The town is not arranged with the usual town centre in the middle and other buildings emerging from it. Instead, it has a semi-circular shape, just round the bend in the river that divides the place in half. On one side of the U-shaped city is the magnificent Tsarevets Castle, while at the opposite end you will find old houses sitting on pebbled streets.

Getting into the narrow roads with a car can be quite tricky, but it will all be worth your while, once you arrive at your accommodation.

The nightlife in Veliko Tarnovo is bustling. There are some good restaurants - one of which is 'Rich Restaurant', with amazing views of the bend in the river. There are also some good bars or cocktail lounges that can make for a good night out.



The drive from Veliko Tarnovo to Rila can easily take more than four hours, perhaps a bit longer that you would want on a short European holiday. So we chose a place in which to stop half-way through our journey, somewhere that would serve for a nice, one-night pit stop.

Being a traveller who does not usually like bustling cities, I wanted to keep Plovdiv out of my road trip map. I now realise that this would have been a huge mistake. The old centre of Bulgaria's second-largest city has a lot to offer. Apart from the amphitheatre and the old, traditional Bulgarian houses, this city offers a buzzing nightlife with a handful of cool pubs in the Capana area - which consists of a couple of intersecting streets with masterpieces of graffiti adorning the otherwise boring walls.



Rila is definitely worth a two-night stay. When I was researching this area, I found myself seriously confused as to what exactly I was supposed to do. I knew that there was the famous Rila Monastery and the Seven Rila Lakes, but the big question was where would I stay? Now that I've actually been there, I can give you some useful tips.

First things first: the Rila Monastery and the Seven Rila Lakes are almost two hours by car apart. The second point you need to keep in mind is that the two, separately, would require a day each. Now, where is the ideal place to stay if you want to see both?

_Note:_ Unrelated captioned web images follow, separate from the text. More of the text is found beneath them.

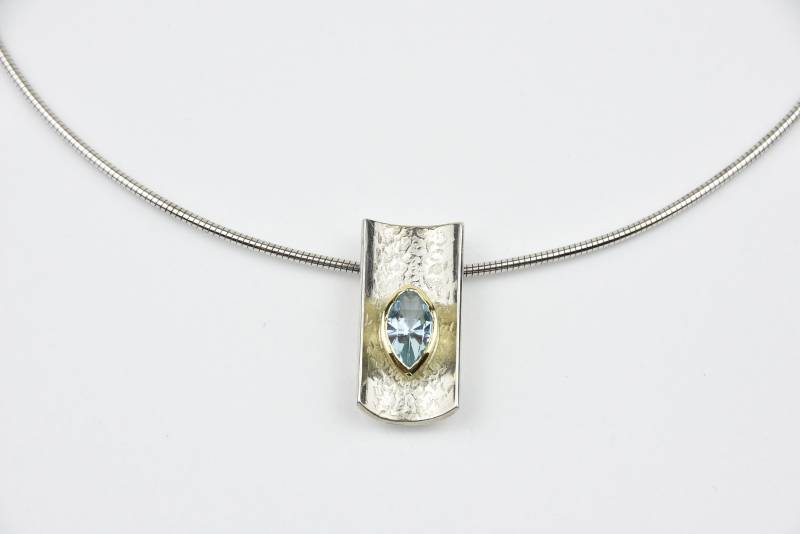 Halsreif Blautopas Navette Halsreif Blautopas Navette von SchmuckEitzenberger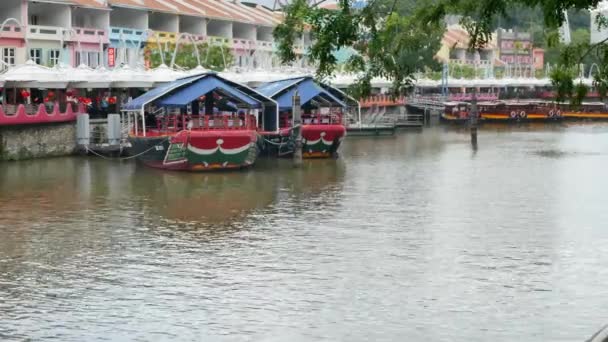 Výletní čluny kotvíané na Clarke Quay v Singapuru — Stock video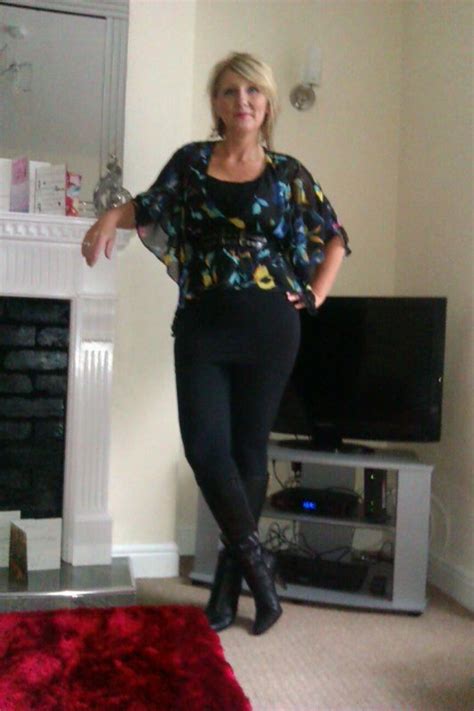 anglue 53 from biddulph is a local granny looking for casual sex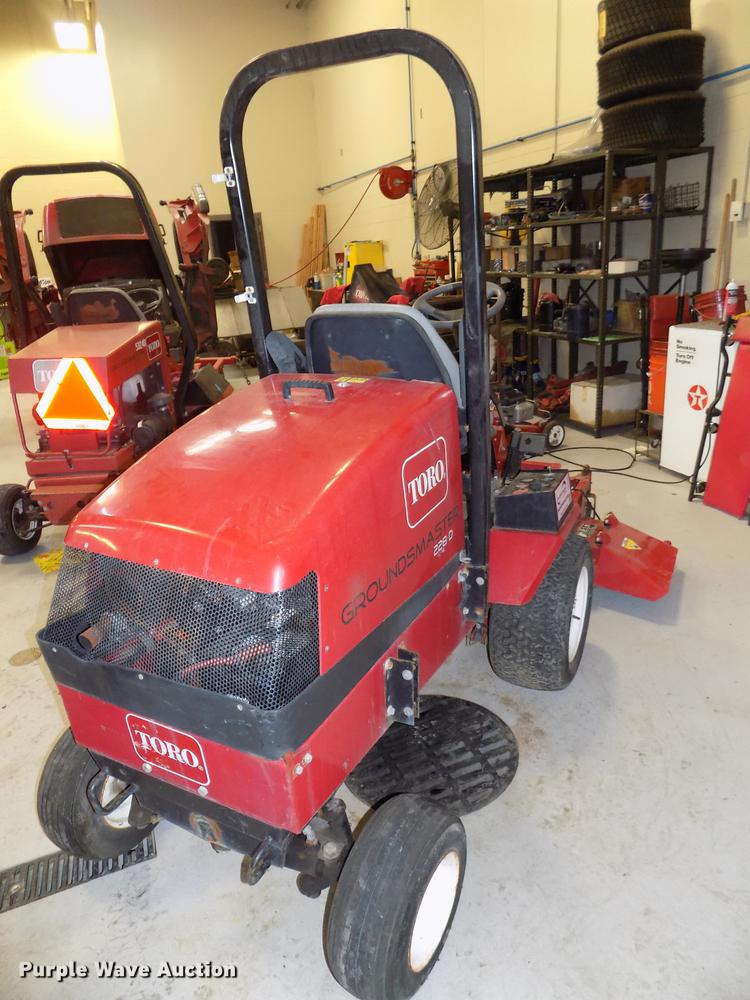 image for item DE7582 2005 Toro Groundsmaster 228D lawn mower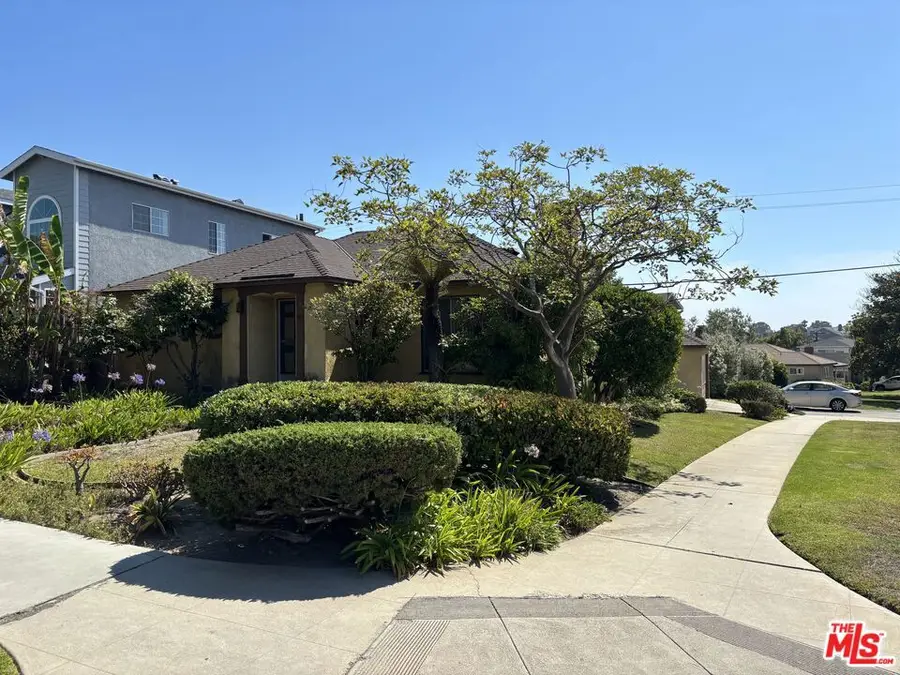 8301 Rayford Drive, Los Angeles, CA 90045 - Image #3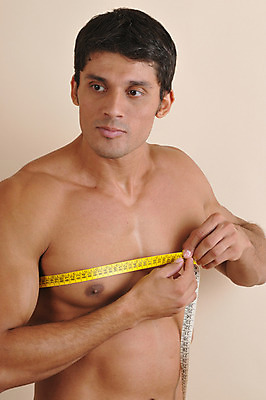 포토 JPG 서양인 외국인 라이프스타일 남자 맨라이프 신체 실내 줄자 한명 들기 사람 상반신 성인 라이프 신체부위 30대 가슴 측정 치수 가슴둘레 남자만 남자한명만 성인남자만 성인한명만 성인남자한명만 장년만 장년남자만 장년남자한명만 성인만 국내포토 1 모션 자 인종 내부 생활 장년 둘레 파일형식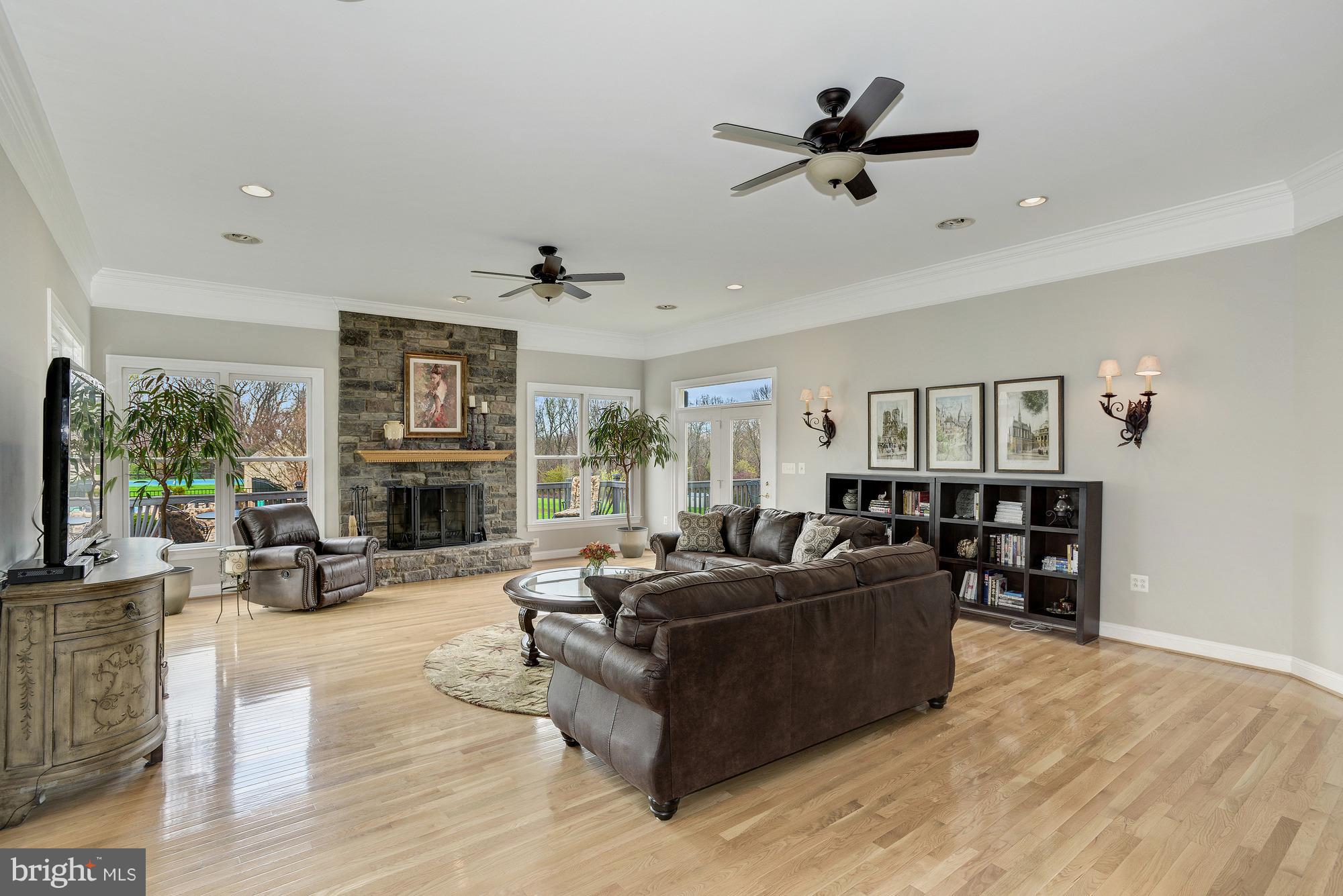 WOODBURN - Residential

Panishiste would be good. It's a small place up in the mountains, accessible by car, with beautiful hotels in which to stay. The Panorama Hotel and the Vila Ema, for example, are each only 20 minutes away from the lift to the Rila Lakes and an hour or so from the Rila Monastery. There is also the option to sleep in one of the huts up in the mountains.


Trekking the Seven Lakes.

Never would I have imagined that the seven lakes of Rila would offer such a feast for the eyes. The whole trek (which will include all seven lakes) will take between four and six hours. The first stop can be reached by a lift which takes about 20 minutes and the rest will depend on the strength of your feet.

The track is a mix of uphill walking, plain terrain and rocks - and all in the scorching heat of the sun if, like me, you are going in summer. The possible heat stroke will be worth your while. The views are amazing and if you are lucky, you might even get to see some beautiful wild horses.


Just some good old trekking tips:

Wear good shoes

Use sun protection

Take plenty of water

Take some food with you as there is nowhere to buy snacks at 2,500 metres above sea level!


I did not include other very famous places to visit in Bulgaria, namely towns on the Black Sea coast such as Varna, Sozopol and Nessebar. Seven nights proved to be too not enough to include these in my itinerary. So my suggestions, in my opinion, this underrated Eastern European country can easily turn out to be a 10 to 15-day trip. One thing is for sure: renting a car for mobility is essential.